TASK »
Each line from the one containing "create cmu wall" to the end of the data must be copied exactly, the first and last included; no other lines and no pictures belong in the copy.

:::

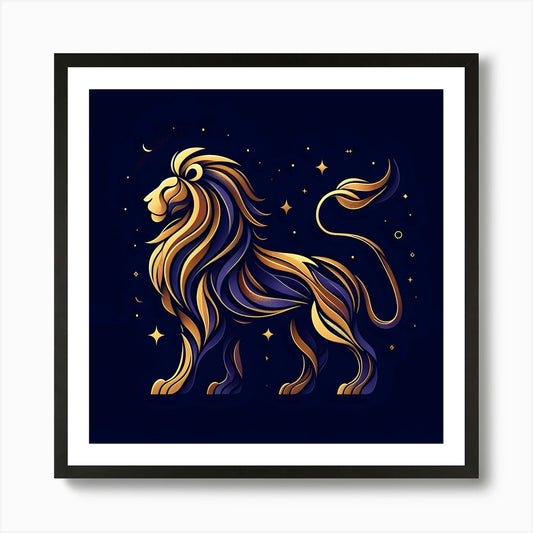 Zodiac Lion 3 Art Print Framed Wall Art Poster Canvas Print Picture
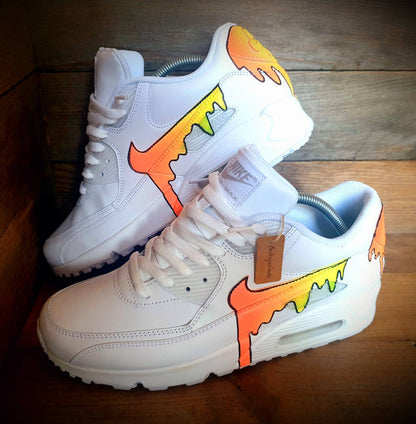 Custom Painted Air Max 90/Sneakers/Shoes/Kicks/Premium/Personalised/Neon Orange Drip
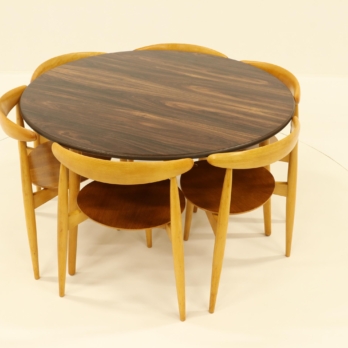 Restored dining set by Wegner with tabletop in rosewood (1)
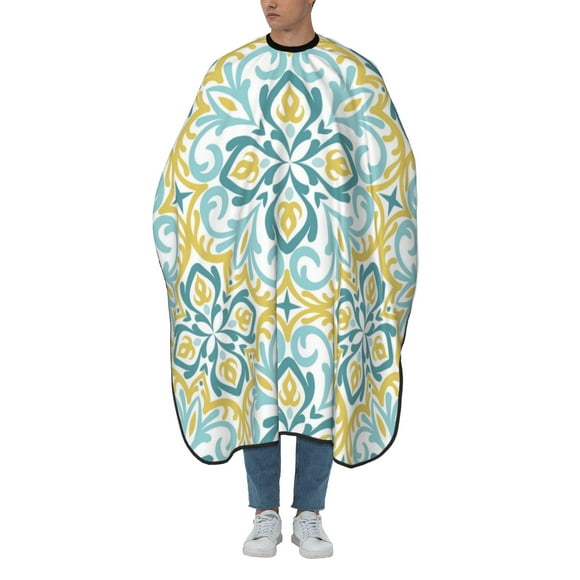 ZICANCN Hair Cutting Cape for Adults, Cyan Floral Motif Tribal Cape Salon Barber Cape for Hair Stylist Shampoo Capes Waterproof, 55x66 Inches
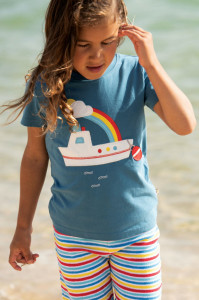 Tricou din bumbac organic - Steely Blue/Boat, Frugi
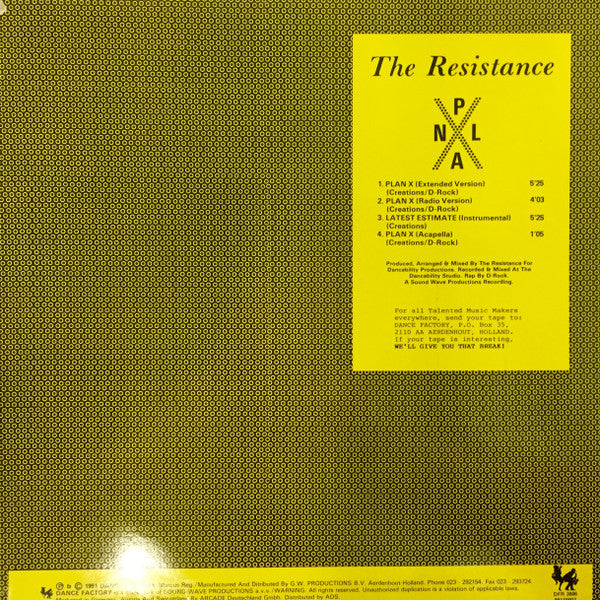 The Resistance - Plan X (12"")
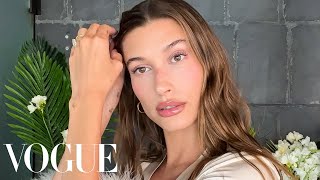 Hailey Biebers Date Night Skin Care amp Makeup Routine  Beauty Secrets  Vogue [upl. by Ulphiah878]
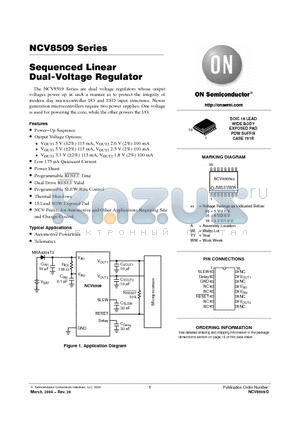 NCV8509PDW18 datasheet - Sequenced Linear Dual-Voltage Regulator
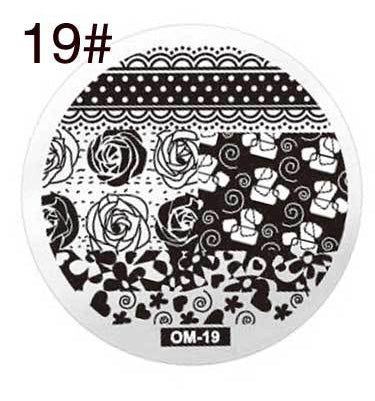 MANZILIN mp0001 OM Nail Art Plate Stamp Stamping Set Round Stainless Steel DIY Nail Polish Print Manicure Nail Stencil Template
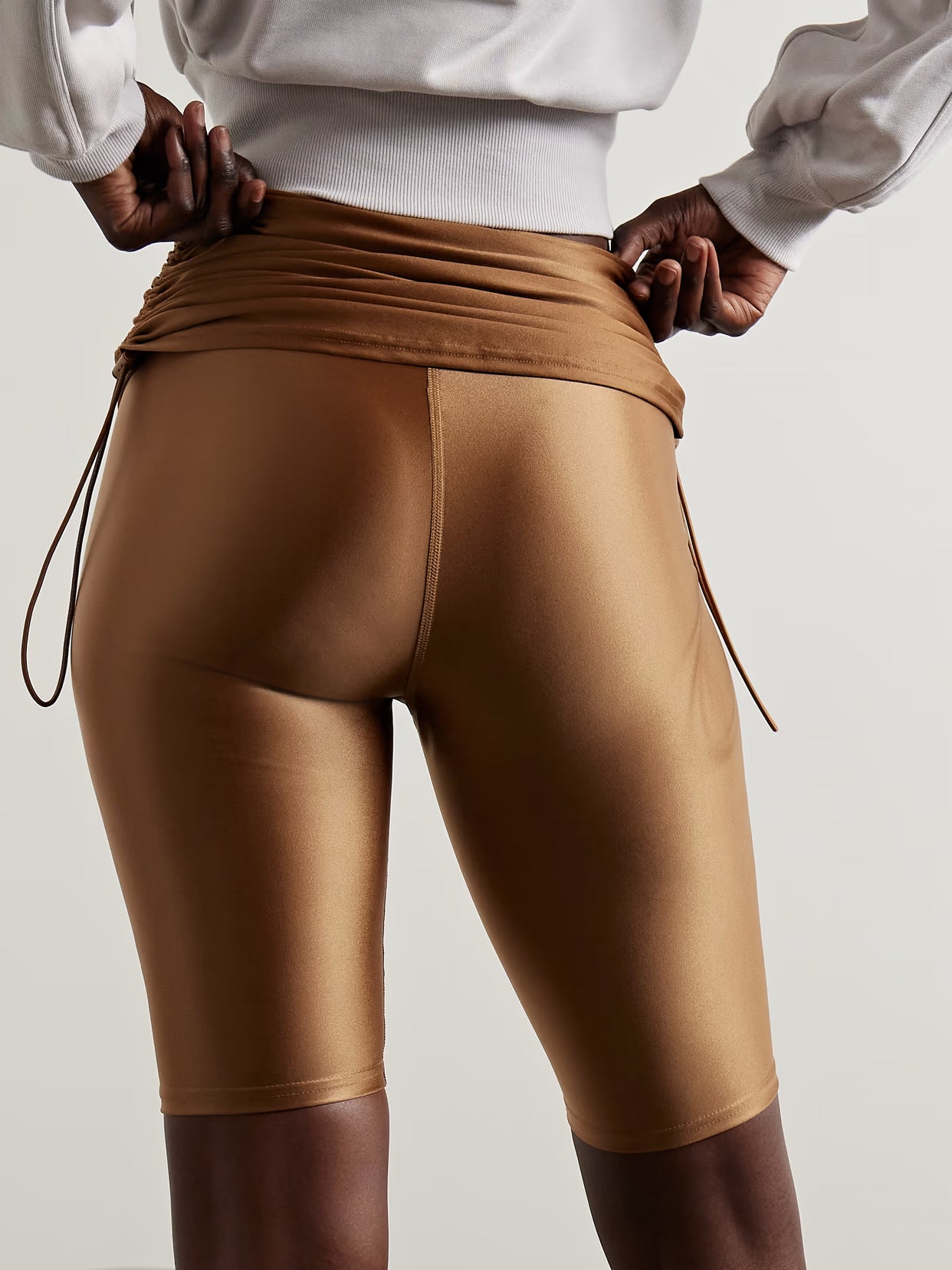 adidas by Stella McCartney - Truepurpose Layered Stretch Recycled-jersey Shorts - Brown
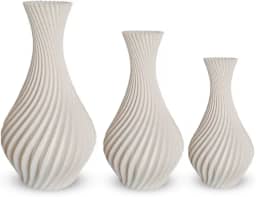 Kit 3 Vasos espirais para Plantas Artificais - Jarro vaso Espiral - Decoração Sala (Branco)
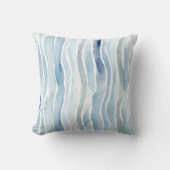 水色モダン青のストライプパターン クッション (正面)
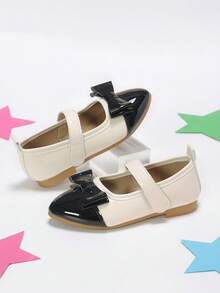 Girls' Black & Beige Colorblock Bow Hook & Loop Soft Versatile Shoes, Suitable For Outings And School Life - Beige - View 4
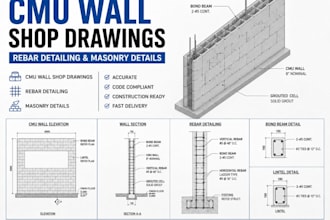 create cmu wall shop drawings, rebar detailing and masonry details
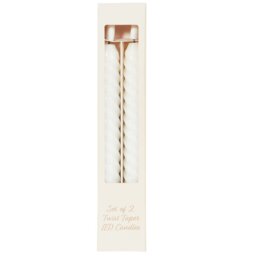 Set of 2 Twist Taper LED Candles - White or Ivory - Wilko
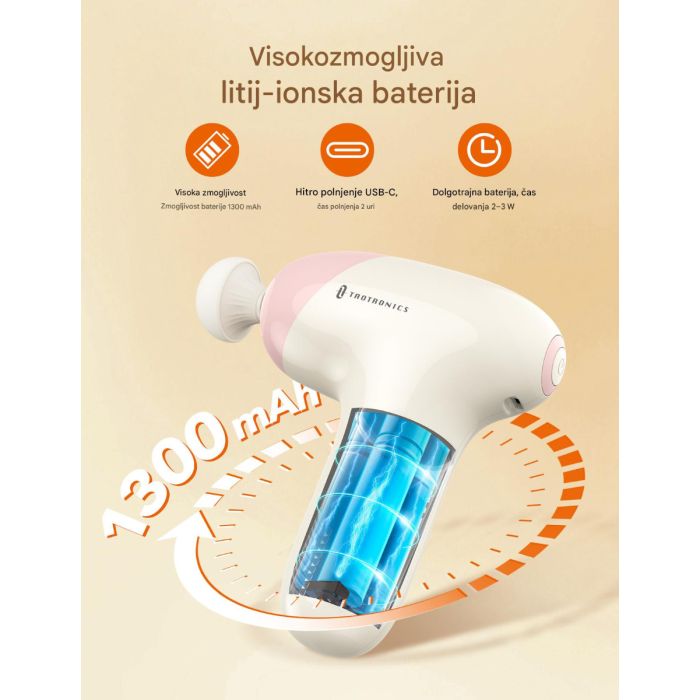 Masažna pištola TAOTRONICS TAOTRONICS Masažna mini pištola pink-7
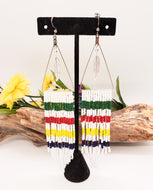 Hudson Bay Blanket Inspired Seed Bead Earrings: Native American Cottagecore Handmade Gift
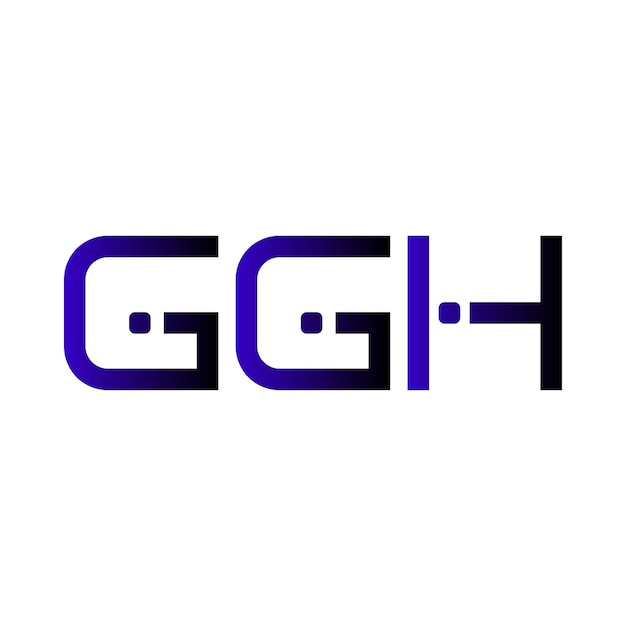 Gradiente de monograma inicial del logotipo de GGH diseño vectorial de identidad empresarial de marcas de letras minimalistas modernas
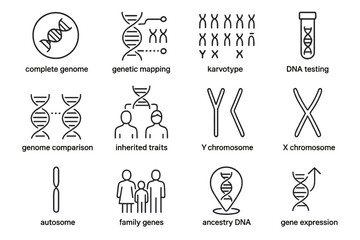 Genetic symbols including chromosomes and dna mapping icons
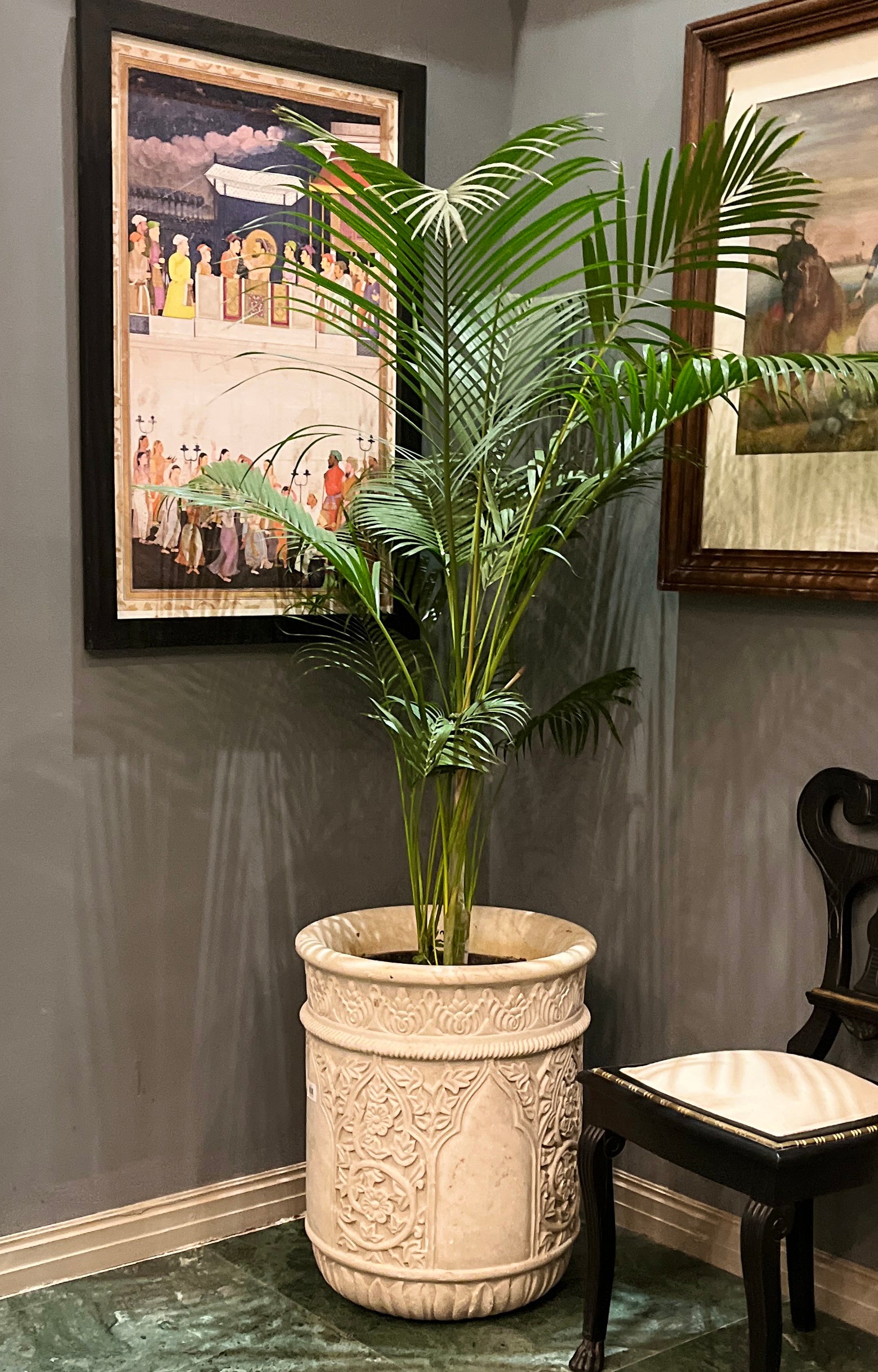 Handcrafted Floral Marble Indoor Planter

:::

RESPONSE TO THE TASK »
 create cmu wall shop drawings, rebar detailing and masonry details
 Set of 2 Twist Taper LED Candles - White or Ivory - Wilko
 Masažna pištola TAOTRONICS TAOTRONICS Masažna mini pištola pink-7
 Hudson Bay Blanket Inspired Seed Bead Earrings: Native American Cottagecore Handmade Gift
 Gradiente de monograma inicial del logotipo de GGH diseño vectorial de identidad empresarial de marcas de letras minimalistas modernas
 Genetic symbols including chromosomes and dna mapping icons
 Handcrafted Floral Marble Indoor Planter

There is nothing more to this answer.